*WHAT YOU SHOULD DO*. From the records below, extract only the lines running from the line with "Belgium Packaged Rice" to the line with "發(fā)際線為什么會(huì)后移,發(fā)際線后移該怎么辦", both lines included, reproducing them exactly.

Data records
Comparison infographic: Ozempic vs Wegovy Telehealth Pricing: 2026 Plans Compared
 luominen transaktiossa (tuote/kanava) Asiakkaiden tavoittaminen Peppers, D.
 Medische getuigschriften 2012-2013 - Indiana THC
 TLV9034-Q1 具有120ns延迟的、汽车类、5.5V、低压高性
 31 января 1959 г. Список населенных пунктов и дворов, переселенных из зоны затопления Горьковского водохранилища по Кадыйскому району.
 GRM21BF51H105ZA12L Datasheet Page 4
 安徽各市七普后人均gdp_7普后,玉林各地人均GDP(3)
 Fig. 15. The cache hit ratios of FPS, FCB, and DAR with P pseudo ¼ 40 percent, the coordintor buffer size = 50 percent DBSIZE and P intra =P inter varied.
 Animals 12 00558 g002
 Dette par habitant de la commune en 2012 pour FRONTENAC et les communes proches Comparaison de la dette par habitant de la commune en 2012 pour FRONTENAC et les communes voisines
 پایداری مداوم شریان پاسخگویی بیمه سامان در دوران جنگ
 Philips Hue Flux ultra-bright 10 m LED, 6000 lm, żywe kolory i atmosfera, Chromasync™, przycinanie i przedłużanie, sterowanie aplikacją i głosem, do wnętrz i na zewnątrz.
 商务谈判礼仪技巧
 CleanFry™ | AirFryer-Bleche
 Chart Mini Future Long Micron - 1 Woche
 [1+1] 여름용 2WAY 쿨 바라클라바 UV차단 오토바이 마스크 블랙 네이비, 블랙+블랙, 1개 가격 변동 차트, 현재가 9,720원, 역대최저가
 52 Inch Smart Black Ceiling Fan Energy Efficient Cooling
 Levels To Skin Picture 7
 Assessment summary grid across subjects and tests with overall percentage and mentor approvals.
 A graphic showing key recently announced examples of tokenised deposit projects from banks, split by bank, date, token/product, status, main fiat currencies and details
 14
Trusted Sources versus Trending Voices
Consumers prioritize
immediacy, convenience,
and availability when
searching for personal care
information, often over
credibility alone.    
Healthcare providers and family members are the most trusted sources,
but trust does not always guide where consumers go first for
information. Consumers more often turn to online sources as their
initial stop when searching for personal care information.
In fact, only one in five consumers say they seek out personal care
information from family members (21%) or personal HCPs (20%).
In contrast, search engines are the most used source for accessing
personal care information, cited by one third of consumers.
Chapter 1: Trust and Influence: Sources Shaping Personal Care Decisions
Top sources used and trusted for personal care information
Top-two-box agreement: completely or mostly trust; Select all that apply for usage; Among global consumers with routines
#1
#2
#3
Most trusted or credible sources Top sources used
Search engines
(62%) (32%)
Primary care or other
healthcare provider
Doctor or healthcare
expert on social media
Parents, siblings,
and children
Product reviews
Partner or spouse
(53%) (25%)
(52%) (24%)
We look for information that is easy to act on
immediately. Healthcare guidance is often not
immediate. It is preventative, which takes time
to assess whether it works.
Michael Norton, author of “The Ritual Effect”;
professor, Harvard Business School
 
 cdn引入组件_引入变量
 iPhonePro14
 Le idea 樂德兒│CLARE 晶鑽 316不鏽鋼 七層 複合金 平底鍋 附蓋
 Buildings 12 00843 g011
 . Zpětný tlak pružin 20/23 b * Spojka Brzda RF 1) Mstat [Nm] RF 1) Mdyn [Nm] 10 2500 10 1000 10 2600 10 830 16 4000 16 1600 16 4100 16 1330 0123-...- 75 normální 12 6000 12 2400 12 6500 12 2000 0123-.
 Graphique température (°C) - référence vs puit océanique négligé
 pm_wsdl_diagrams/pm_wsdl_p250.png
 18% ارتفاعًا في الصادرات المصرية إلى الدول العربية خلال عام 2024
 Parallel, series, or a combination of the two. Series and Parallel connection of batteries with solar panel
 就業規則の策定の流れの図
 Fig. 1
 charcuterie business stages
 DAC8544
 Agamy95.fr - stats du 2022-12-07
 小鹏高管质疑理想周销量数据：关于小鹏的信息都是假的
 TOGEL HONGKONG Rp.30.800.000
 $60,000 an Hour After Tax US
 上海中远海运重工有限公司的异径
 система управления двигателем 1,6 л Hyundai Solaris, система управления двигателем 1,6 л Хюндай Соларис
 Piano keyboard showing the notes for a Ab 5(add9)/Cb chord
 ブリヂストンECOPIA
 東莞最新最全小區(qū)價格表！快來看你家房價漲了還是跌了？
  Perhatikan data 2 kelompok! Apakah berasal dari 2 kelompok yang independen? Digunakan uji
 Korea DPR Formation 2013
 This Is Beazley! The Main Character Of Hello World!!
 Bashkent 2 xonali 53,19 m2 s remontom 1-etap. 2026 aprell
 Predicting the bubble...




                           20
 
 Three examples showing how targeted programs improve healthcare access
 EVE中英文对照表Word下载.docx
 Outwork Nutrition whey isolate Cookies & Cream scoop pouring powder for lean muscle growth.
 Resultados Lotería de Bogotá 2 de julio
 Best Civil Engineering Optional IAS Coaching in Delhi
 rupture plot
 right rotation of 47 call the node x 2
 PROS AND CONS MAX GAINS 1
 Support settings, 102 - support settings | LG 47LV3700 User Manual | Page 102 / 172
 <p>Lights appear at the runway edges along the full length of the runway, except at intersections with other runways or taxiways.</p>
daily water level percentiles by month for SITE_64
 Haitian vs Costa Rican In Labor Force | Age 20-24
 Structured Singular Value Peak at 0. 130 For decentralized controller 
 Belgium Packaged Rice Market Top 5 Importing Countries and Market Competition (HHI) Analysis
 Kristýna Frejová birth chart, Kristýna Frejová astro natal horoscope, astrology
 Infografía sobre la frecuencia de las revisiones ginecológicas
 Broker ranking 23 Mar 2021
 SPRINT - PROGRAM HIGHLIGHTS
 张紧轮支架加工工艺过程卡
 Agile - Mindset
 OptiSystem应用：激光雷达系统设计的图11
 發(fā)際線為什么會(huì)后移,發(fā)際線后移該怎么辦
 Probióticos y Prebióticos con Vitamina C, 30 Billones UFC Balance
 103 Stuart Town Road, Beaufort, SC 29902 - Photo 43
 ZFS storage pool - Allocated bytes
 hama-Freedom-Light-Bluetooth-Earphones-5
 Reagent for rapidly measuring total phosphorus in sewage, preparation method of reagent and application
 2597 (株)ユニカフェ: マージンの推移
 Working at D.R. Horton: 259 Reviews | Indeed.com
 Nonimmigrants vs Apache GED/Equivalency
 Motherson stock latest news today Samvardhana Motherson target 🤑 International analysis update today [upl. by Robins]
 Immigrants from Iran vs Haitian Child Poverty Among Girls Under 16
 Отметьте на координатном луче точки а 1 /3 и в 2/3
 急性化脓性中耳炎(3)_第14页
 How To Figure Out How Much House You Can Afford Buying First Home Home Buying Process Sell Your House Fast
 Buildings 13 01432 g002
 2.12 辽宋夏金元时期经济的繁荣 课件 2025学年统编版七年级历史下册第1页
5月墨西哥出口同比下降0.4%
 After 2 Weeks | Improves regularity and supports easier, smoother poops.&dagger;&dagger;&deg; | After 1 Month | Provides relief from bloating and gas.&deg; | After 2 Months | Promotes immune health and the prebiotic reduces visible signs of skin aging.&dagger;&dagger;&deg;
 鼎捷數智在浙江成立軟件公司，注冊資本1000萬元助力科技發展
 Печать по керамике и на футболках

*SOLUTION TO THE PROBLEM*.
 Belgium Packaged Rice Market Top 5 Importing Countries and Market Competition (HHI) Analysis
 Kristýna Frejová birth chart, Kristýna Frejová astro natal horoscope, astrology
 Infografía sobre la frecuencia de las revisiones ginecológicas
 Broker ranking 23 Mar 2021
 SPRINT - PROGRAM HIGHLIGHTS
 张紧轮支架加工工艺过程卡
 Agile - Mindset
 OptiSystem应用：激光雷达系统设计的图11
 發(fā)際線為什么會(huì)后移,發(fā)際線后移該怎么辦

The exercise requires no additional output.